* [Data extract]:
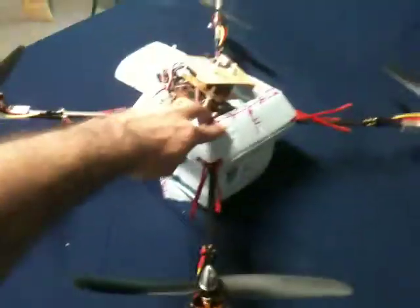Then you can get down there and install the camera, which I have cut out right here on the front floor. And that's it.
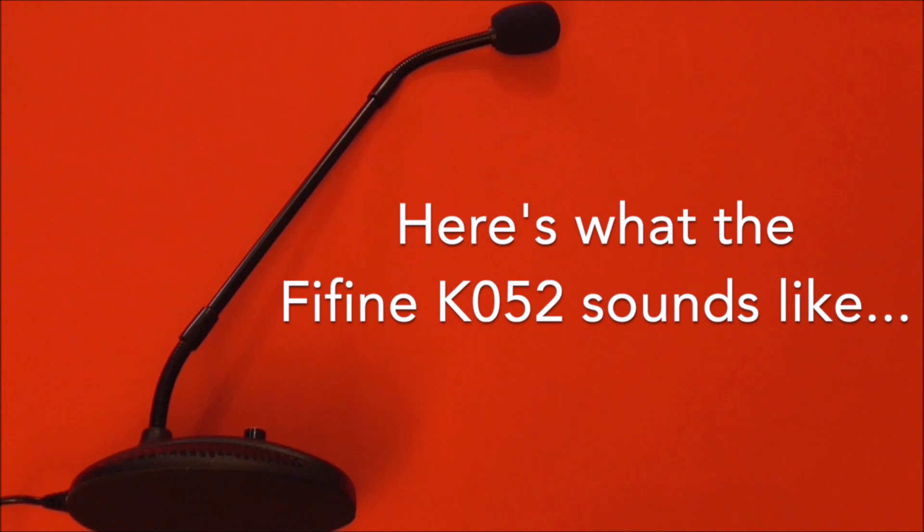Before judging the audio quality of the K052, it's worth considering the price. For a USB microphone of this sturdiness, $39.99 is on the lower end of the scale, and the K052 appears to exceed its price range. It utilizes a cardioid pattern like most condenser microphones, which picks up more at the front and back. Being a condenser mic means it's ideal for voices as opposed to instruments. There's a great pickup range and a remarkably crisp sound — currently using this on medium gain, sat about half a foot away.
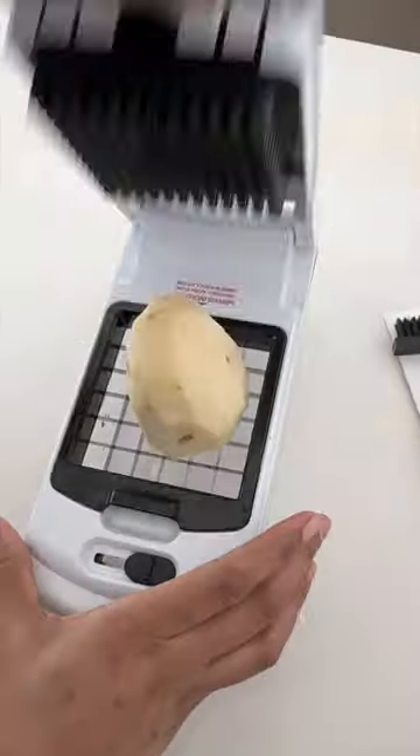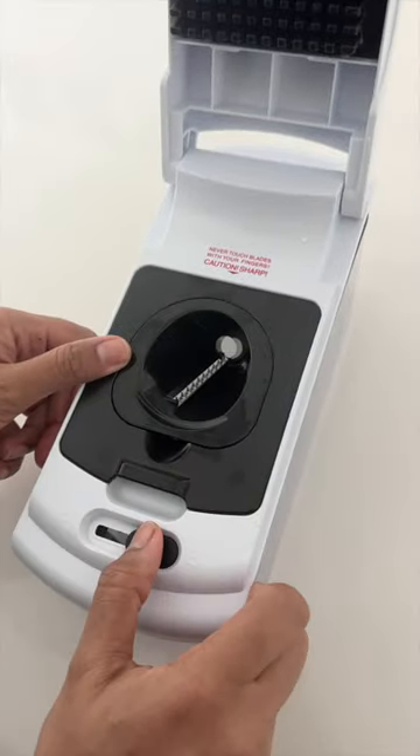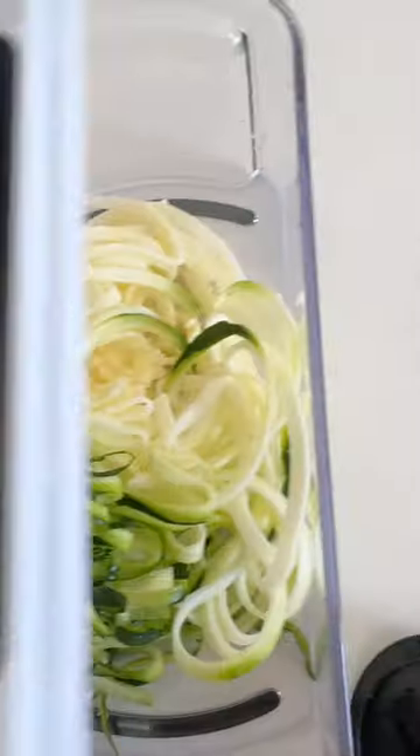It comes with another attachment that can be used to get perfectly sliced potatoes for french fries, or veggies of your choice to use with dips. It also has a spiralizer that I use to make zucchini noodles.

* [What is required]: Print the listing exactly, but skip its pictures.

* [Response to the exercise]:
Then you can get down there and install the camera, which I have cut out right here on the front floor. And that's it.
Before judging the audio quality of the K052, it's worth considering the price. For a USB microphone of this sturdiness, $39.99 is on the lower end of the scale, and the K052 appears to exceed its price range. It utilizes a cardioid pattern like most condenser microphones, which picks up more at the front and back. Being a condenser mic means it's ideal for voices as opposed to instruments. There's a great pickup range and a remarkably crisp sound — currently using this on medium gain, sat about half a foot away.
It comes with another attachment that can be used to get perfectly sliced potatoes for french fries, or veggies of your choice to use with dips. It also has a spiralizer that I use to make zucchini noodles.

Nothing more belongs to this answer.